- Born: Michael William Spice 20 May 1931 Croydon, Surrey, England
- Died: 2 November 1983 (aged 52) Dartford, Kent, England
- Occupation: Actor
- Notable work: Doctor Who

= Michael Spice =

British actor (1931–1983)

Michael Spice (20 May 1931 – 2 November 1983) was a British character actor who appeared in television roles.

==Career==
Educated at Beckenham Grammar School, Spice aspired to become an actor after watching a performance of Peter Pan at the Grand Theatre in Croydon as a boy. Graduating from the Royal Academy of Dramatic Art during the summer of 1953, he immediately began his career by landing a chorus job in The Glorious Days at the Palace Theatre in the West End. This was followed by joining the Ipswich Arts Theatre for 15 months, acting as assistant stage manager with small roles then moving to stage manager with bigger roles. Afterwards, he played small parts in John Gielgud's touring revivals of Much Ado About Nothing and King Lear plus understudied the male lead in Peter Ustinov's comedy Romanoff and Juliet at Piccadilly Theatre, as well as Robert Eddison in Henrik Ibsen's Little Eyolf at the Lyric Theatre (Hammersmith).
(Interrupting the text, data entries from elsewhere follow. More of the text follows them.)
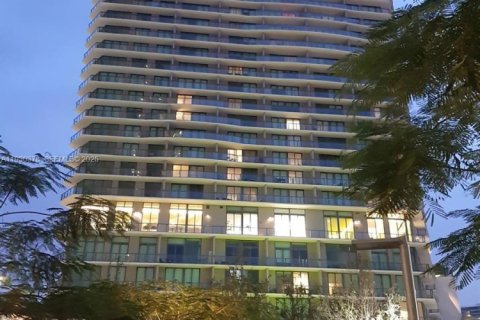 Снять в аренду кондоминиум в Майами, Флорида 1 спальня, 56.67м2, № 2034269 - фото 2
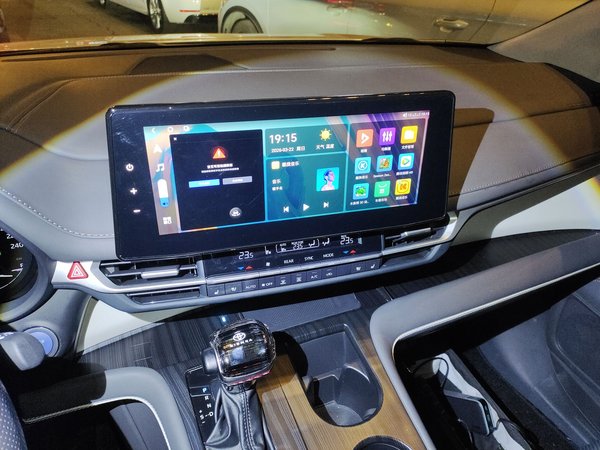 Toyota SIENNA 2023, 14900 км, за 9999999 USD - фото 19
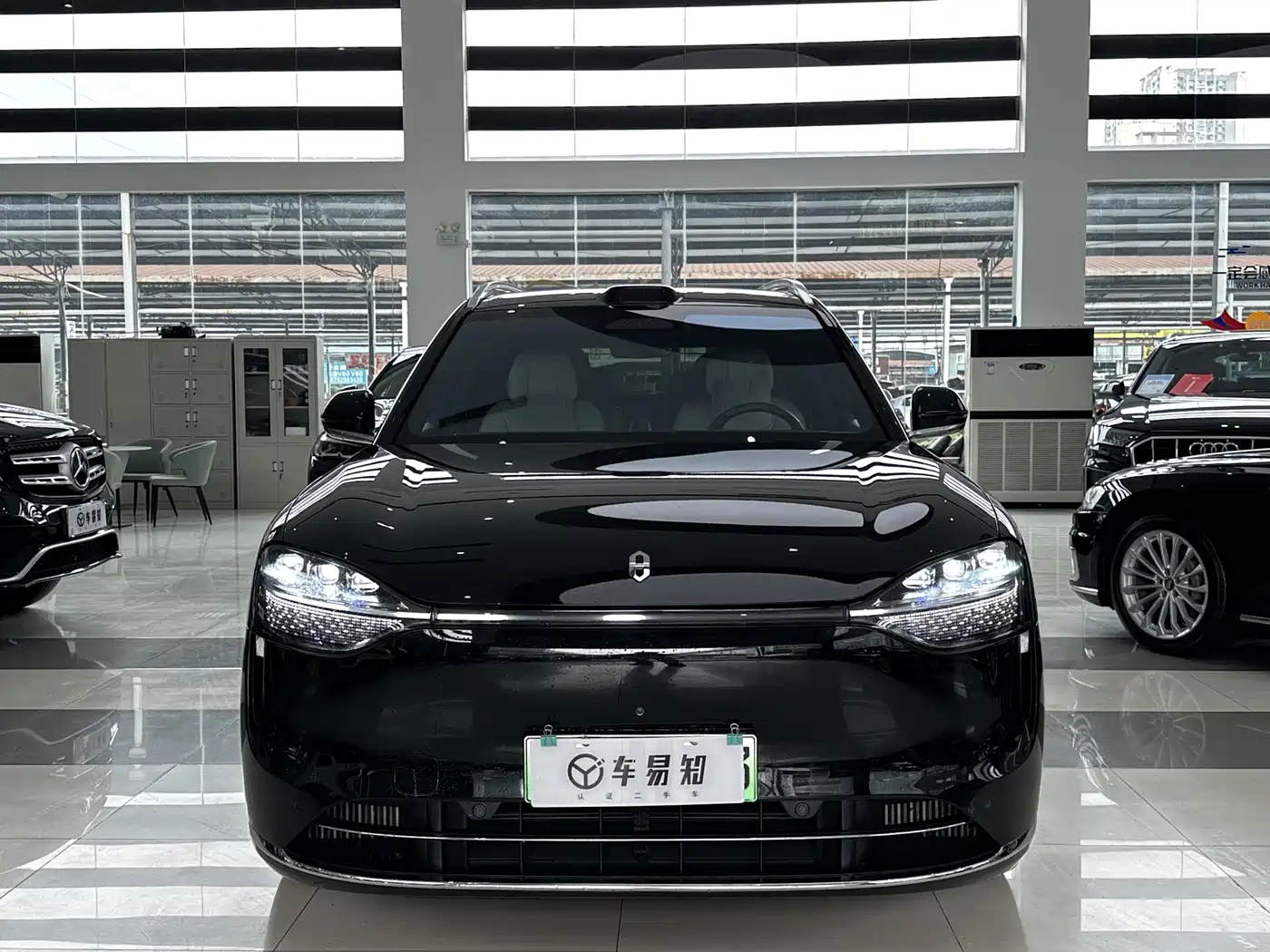 AITO Wenjie AITO M9 2024 Range Extender Max Edition 42kWh 6-seater фото 2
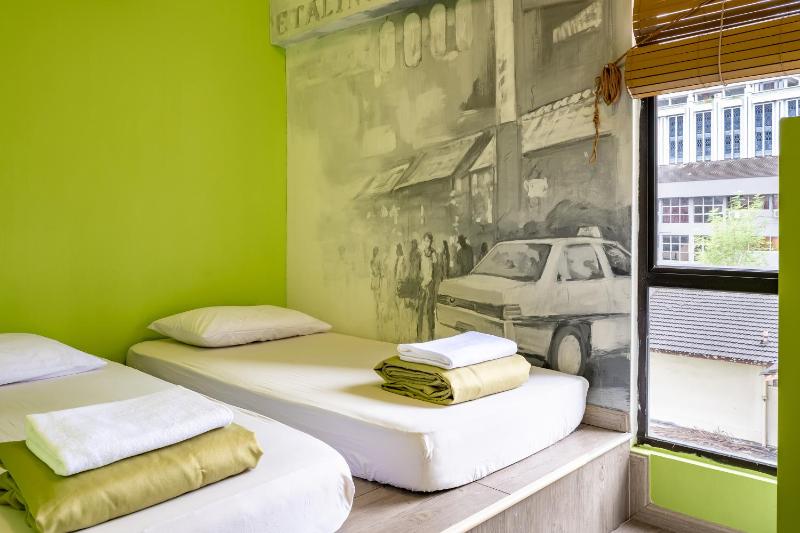 PODs The Backpackers Home & Cafe, Kuala Lumpur — отель с удобным расположением в Куала-Лумпуре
Further excursions led to other places including Coventry, Margate, Hull and Leatherhead.

On TV, Spice portrayed two Doctor Who villains, the voice of Morbius in The Brain of Morbius, and Weng-Chiang / Magnus Greel in The Talons of Weng-Chiang. Other screen roles included minor characters in The Brothers, Public Eye and Blake's 7, as well as being directed by Charlie Chaplin in the film A Countess from Hong Kong.

More of a prolific radio actor Spice made over 1000 broadcasts. He played the character of Peter Tyson in the BBC Radio play The Ropewalk in January 1969. The play evolved into the long-running BBC Radio 2 serial Waggoners' Walk, in which Basil Moss took over the role of Peter Tyson, with Spice taking the role of Matt Prior, a role he played until the serial's end in May 1980. Another memorable contribution was voicing Háma and a Nazgûl in the BBC Radio 4 1981 dramatisation of J. R. R Tolkien's three-part epic novel The Lord of the Rings.